Il est de bon ton de se rire de BHL. J’ai plus d’une fois essayé de prendre sa défense, trouvant à « American Vertigo » et même au « Serment de Tobrouk » certaines qualités politiques sinon cinématographiques. Si l’on fait l’effort de faire taire l’antipathie que ses poses prétentieuses suscitent, il faut honnêtement reconnaître à BHL, même s’il les exagère devant les caméras, une détermination, une fougue, une force de conviction qui sont monnaie peu courante à une époque où il est de bon ton d’arborer un sourire désabusé ou de s’illustrer par quelque trait railleur.
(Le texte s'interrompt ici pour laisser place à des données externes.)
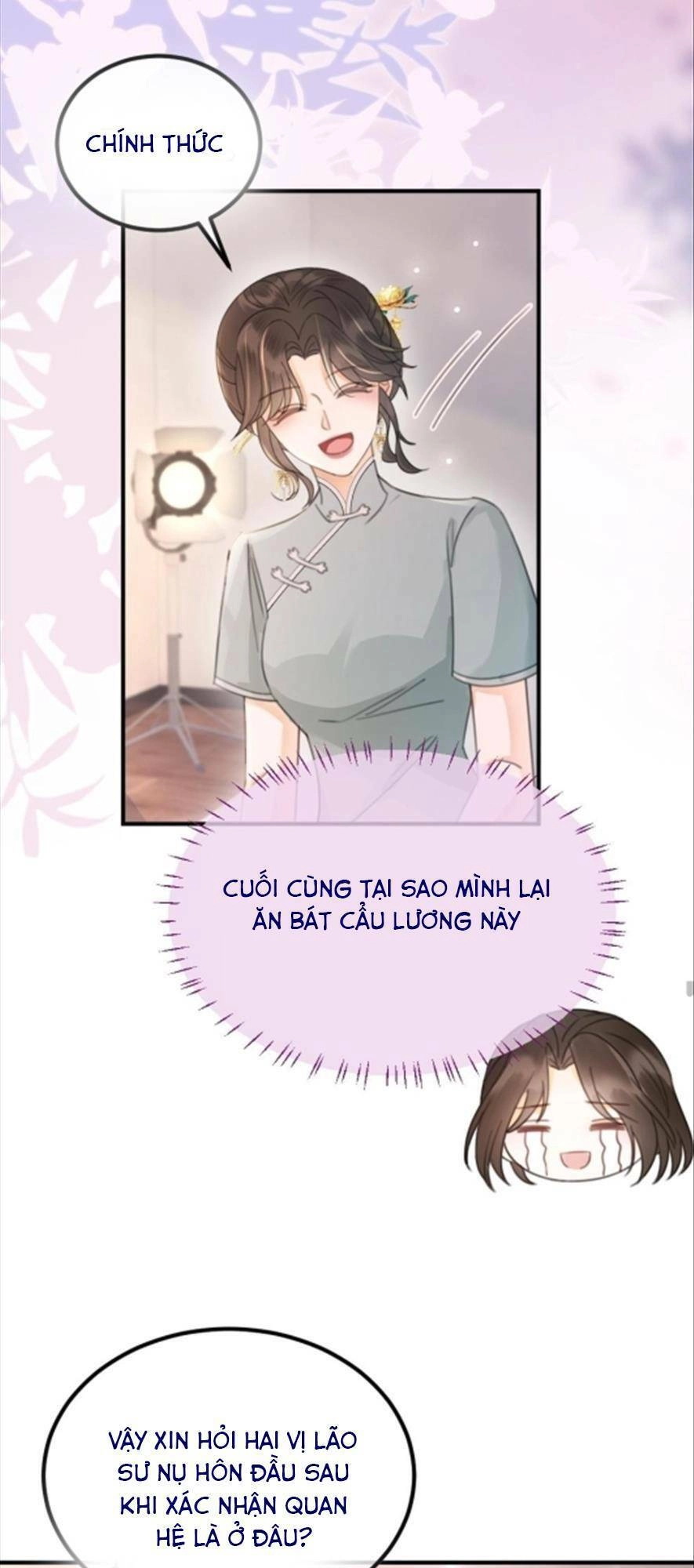 Cùng Đỉnh Lưu Ảnh Đế Yêu Đương Phát Đường Chapter 135 - 7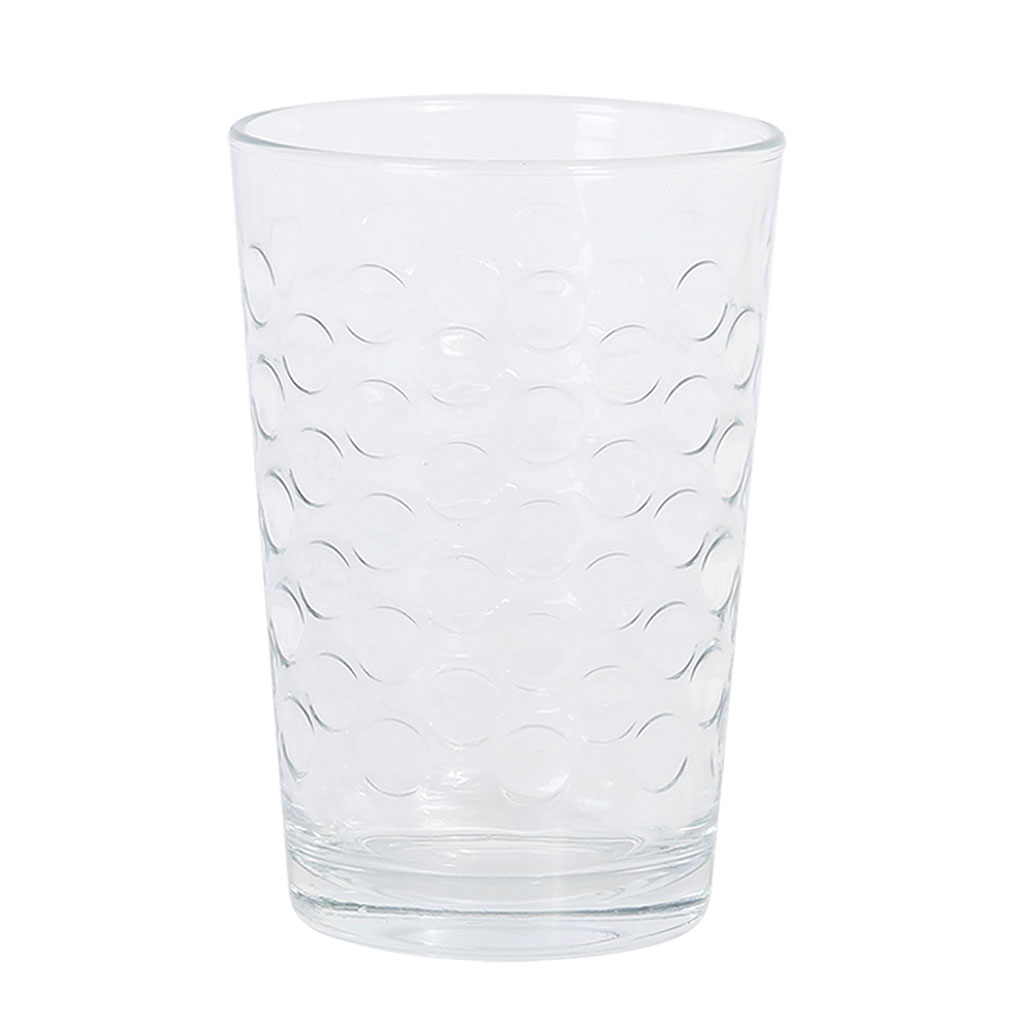 Lot de 6 verres à eau SEDEF 20.5cl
Pour autant, je serai sans indulgence pour son dernier documentaire. Je ne le serai pas pour m’être rallié aux critiques les plus virulentes couramment adressées au philosophe-à-la-chemise-blanche. Car, pour une fois, signe d’une fatigue dû à l’âge, ou prise de conscience tardif qu’il était son pire ennemi, BHL se met étonnamment peu en avant. Bien entendu, il psalmodie d’une voix nasillarde (qui singe involontairement Malraux pour mieux lui ressembler ?) un texte grandiloquent, même s’il faut lui reconnaître du style. Mais, à cette réserve près, « Peshmerga » le met moins en scène que ses précédentes réalisations.
Le problème est ailleurs. Il vient de ce que BHL et son équipe se sont paresseusement contentés de suivre les armées du Kurdistan irakien sur la ligne de front. Embedded parmi des peshmergas trop contents d’accueillir cet hôte de marque dont il espère, non sans raison, qu’il se fera le propagandiste de leur cause, perdant toute objectivité pour sombrer dans un manichéisme pro-kurde sans nuances, BHL filme des briefings, des assauts et des victoires répétitives et sans enjeu. L’ennemi reste invisible. Moins on le voit, plus la menace qu’il fait peser, nous dit-on sur la région et sur le monde, perd en acuité.
Du coup, « Peshmerga » rate sa cible. D’un côté, il n’a pas le recul suffisant pour nous faire comprendre les enjeux géopolitiques d’un conflit qui nous reste obscur. De l’autre, il reste trop éloigné des combattants qu’il filme pour faire naître – comme l’avait fait par exemple l’excellent documentaire « Irak année zéro » – une réelle empathie avec eux.